About this Abstract |
Meeting |
2025 TMS Annual Meeting & Exhibition
|
Symposium
|
2025 Technical Division Student Poster Contest
|
Presentation Title |
SPG-103: Enabling Gen-IV Fission and Gen-I Fusion Reactors via Ductile Refractory Alloys |
Author(s) |
Luke E. Gaydos, Hailong Huang, Zongyang Lyu, Prashant Singh, Duane Johnson, Ryan Ott, Nicolas Argibay |
On-Site Speaker (Planned) |
Luke E. Gaydos |
Abstract Scope |
For decades, a technological limitation in the energy and aerospace sectors has been the availability of alloys for extreme operating conditions that demand resistance to combined high thermo-mechanical stresses, irradiation, and corrosive environments. Nickel-based superalloys, like Inconel 718, have traditionally been used for these applications, but suffer from a low melting temperature of 1500°C. Refractory alloys enable an increase in melting temperature (i.e. tungsten melts at 3400°C) and would enable a non-incremental improvement in the aforementioned industries. However, their processability, low-temperature brittleness, and susceptibility to degradation in corrosive environments have been limiting factors to their widespread adoption.
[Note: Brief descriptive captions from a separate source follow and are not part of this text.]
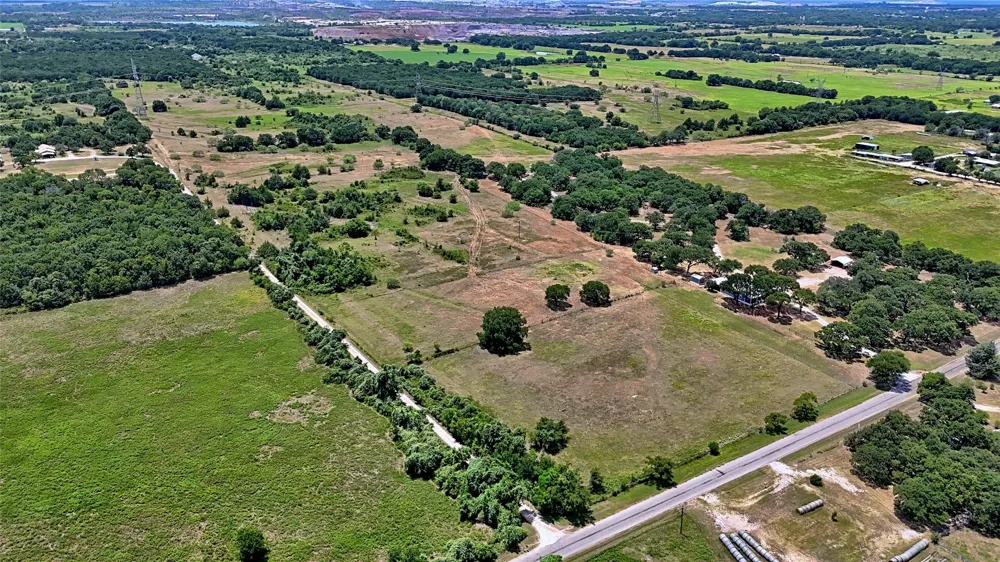 1179 County Road 1470 Chico, TX 76431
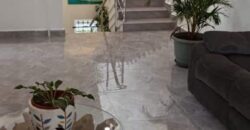 À vendre élégante villa neuve de 165m2 avec piscine et rooftop au cœur de Grand Baie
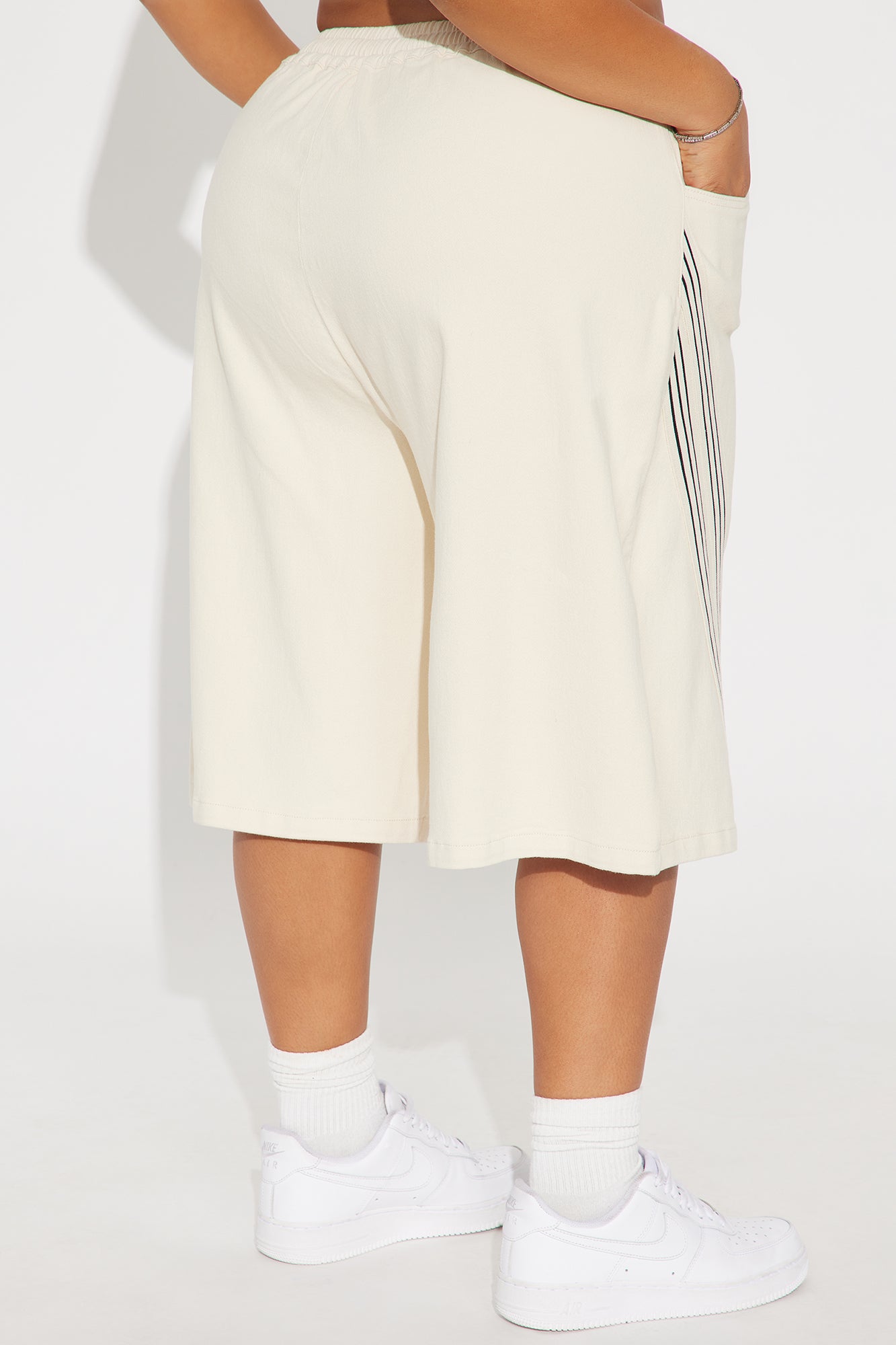 Jaelynn Bermuda Short - Cream - Image 6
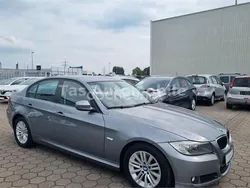Gris / plata Usado 2009 BMW 318 Berlina | 9500 € (Un poco caro)
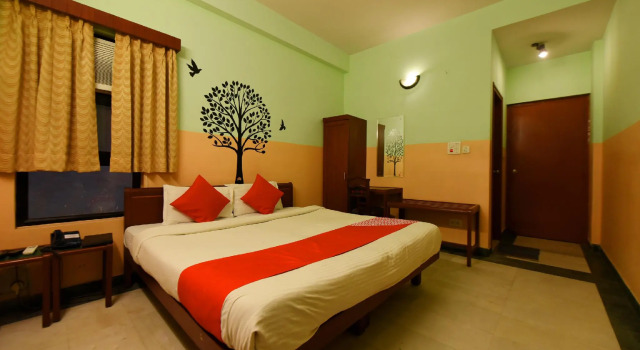 Collection O 2249 Hotel Blue Bird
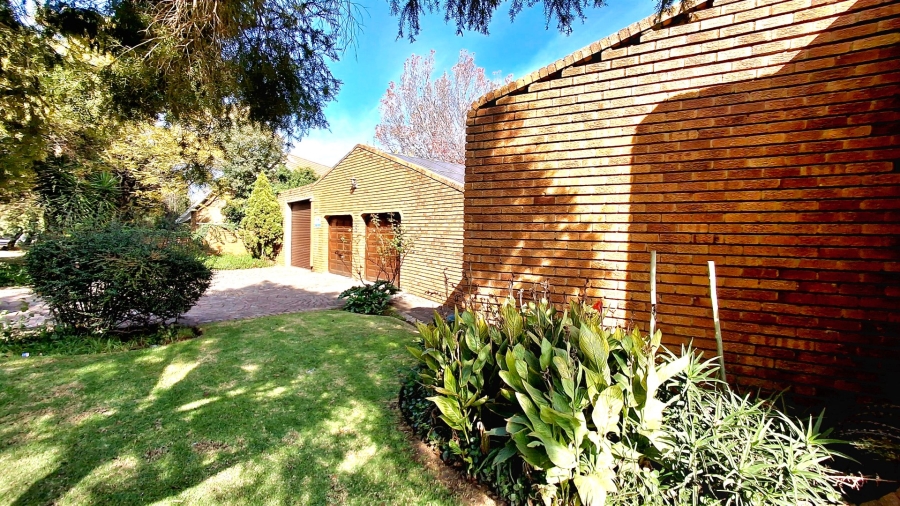 5 Bedroom Property for Sale in Vanderbijlpark Sw 2 Gauteng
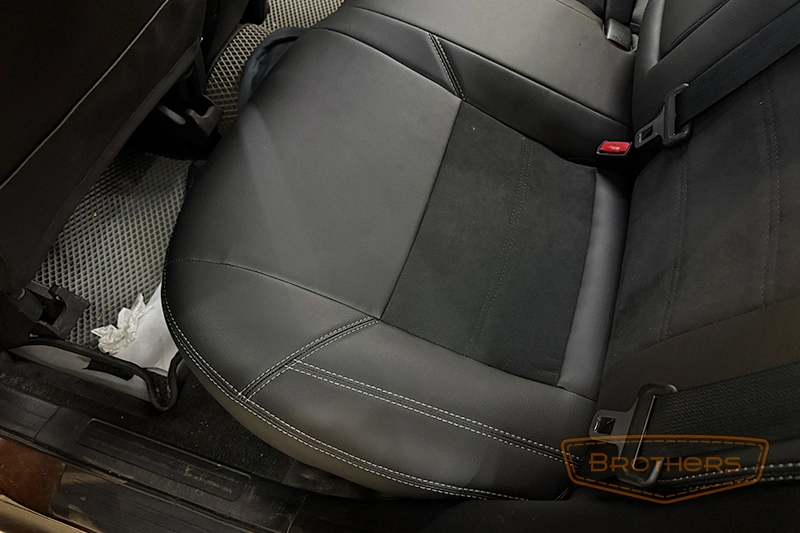 Чехлы на Mazda 3 (BL) хэтчбек серии "Alcantara" - продление переднего ряда, серая строчка Чехлы на Mazda 3 (BL) хэтчбек серии "Alcantara" - продление переднего ряда, серая строчка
Balancing strength, ductility, corrosion resistance, and manufacturability are key to enabling the use of refractory alloys for extreme environments. In this poster, we offer experimental results highlighting the successful theory-guided search in composition space to achieve exemplary refractory multi-principal-element alloys exhibiting RT ductility (improved manufacturability) and high-temperature strength and corrosion resistance. |
Proceedings Inclusion? |
Undecided |
Keywords |
High-Entropy Alloys, High-Temperature Materials, Mechanical Properties |